El 21 de julio de 1981, y luego de siete horas de deliberaciones, un Tribunal de Primera Instancia de Roma conformado por tres jueces y diez ciudadanos (entre los que habían dos maestros jubilados, dos amas de casa y un criador de conejos) condenó a cadena perpetua a Mehmet Ali Agca por el intento de asesinato al Papa Juan Pablo II en Roma y de dos turistas que, como el sumo pontífice, también resultaron heridas. La pena incluía, además, 10 años por falsificación de documentos o no tener portación del arma que utilizó el 13 de mayo en la plaza de San Pedro. Y, en forma adicional, la sentencia señalaba que el ciudadano turco debía permanecer en total aislamiento durante un año.
Por infobae.com
Sin embargo, 41 años después, Mehmet Alí Agca está bien y vive en Turquía.

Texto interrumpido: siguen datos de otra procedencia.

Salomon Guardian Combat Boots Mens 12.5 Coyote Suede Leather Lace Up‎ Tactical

A partir de ese instante, su vida, su pensamiento, sus intenciones, sus ideas, sus designios y su mente, en general, fueron un enigma. Y quién lo armó, lo instruyó, lo guio, lo financió, lo convenció para que le disparara a Dios y, probablemente, para que luego se matara, quién fue en suma, quién ocupó en su cerebro el amplio blanco que había en él, es otro enigma.

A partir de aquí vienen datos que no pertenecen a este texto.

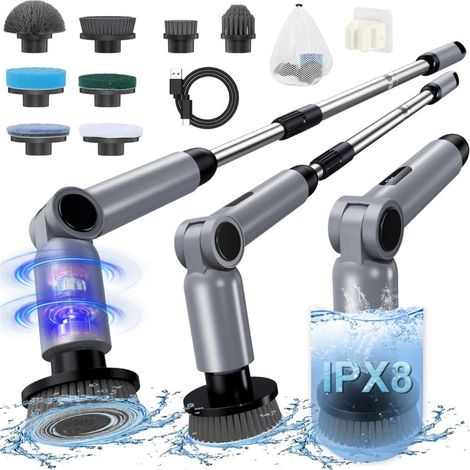 Brosse Nettoyage Electrique, [IPX8 Imperméable] Brosse Rotative Nettoyage,Conception Pliant, avec Tige TéLescopique et 8 TêTes de Accessoires pour Salle De Bain,Voiture,Fenêtre,Douche (1/5)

La sangre del Papa, herido gravedad en el abdomen, la mano y el brazo, tiñó las blancas vestiduras del vicario de Cristo y el Vaticano perdió su santidad, esa plaza histórica que imaginó Michelángelo como un gran abrazo de la Iglesia a la Humanidad, perdió su condición de sacralidad, no rozada por la guerra o la violencia, y el mundo se hizo más vulnerable. Si pueden con el Papa, pueden con cualquier cosa. Esa fue la gran victoria del terrorismo en aquella tarde primaveral y soleada de Roma.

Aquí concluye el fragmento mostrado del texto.